Perjanjian kawin (prenuptial Agreement) adalah suatu perjanjian yang
dibuat oleh calon suami atau isteri secara otentik di hadapan Notaris, yang
menentukan bahwa mereka telah saling setuju dan mufakat untuk membuat pemisahan
atas harta mereka masing-masing dalam perkawinan mereka kelak (vide Pasal 139 juncto Pasal 147 KUHPerdata). Pelaksanaan perjanjian hanya dapat
dilakukan sebelum/ bersamaan dengan pelaksanaan akad nikah, dan tidak bisa
diadakan perjanjian perkawinan setelah berlangsungnya pernikahan.

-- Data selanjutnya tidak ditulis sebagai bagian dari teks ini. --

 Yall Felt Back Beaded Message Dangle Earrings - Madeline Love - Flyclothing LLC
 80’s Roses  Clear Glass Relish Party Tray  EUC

Dengan dibuat dan ditandatanganinya perjanjian kawin dalam bentuk akta
Notaril, maka semua harta mereka baik berupa harta yang mereka bawa sebelum
menikah, maupun pendapatan yang mereka peroleh setelah mereka menikah kelak
adalah hak dan milik mereka masing-masing. Demikian pula dengan hutang-hutang
dari masing-masing pihak tersebut.
Dalam akta perjanjian kawin, pada prinsipnya meliputi
klausula sebagai berikut:
- Komparisi akta yang menyatakan identitas para pihak (calon suami dan calon istri) dan kewenangan untuk bertindak;
- Premis akta yang menyatakan maksud kehendak dari para pihak;
- Isi akta yang berisi pasal-perpasal yang menyatakan tidak adanya percampuran harta benda dan kekayaan serta tidak perlu terjadi percampuran hutang piutang; tanggung jawab atas tuntutan prestasi dari perjanjian yang dibuat dari masing-masing pihak; hak dan kewajiban untuk memelihara dan mendidik anak; ahli waris bilamana para pihak meninggal; domisili hukum bilamana terjadi sengketa hukum dikemudian hari.
Untuk memenuhi unsur publisitas, maka Akta Perjanjian Perkawinan yang
telah dibuat hendaknya didaftarkan agar tidak hanya mengikat para pihak tetapi
dapat mengikat/ berlaku juga bagi pihak ketiga (vide Pasal 29 Ayat (1) Undang-Undang Perkawinan). Untuk pasangan
yang beragama islam pencatatan Akta Perjanjian Perkawinan dilakukan oleh KUA
pada buku nikah mereka, sedangkan untuk pasangan non muslim pencatatan Akta
Perjanjian Perkawinan dilakukan oleh Kantor Catatan Sipil setempat.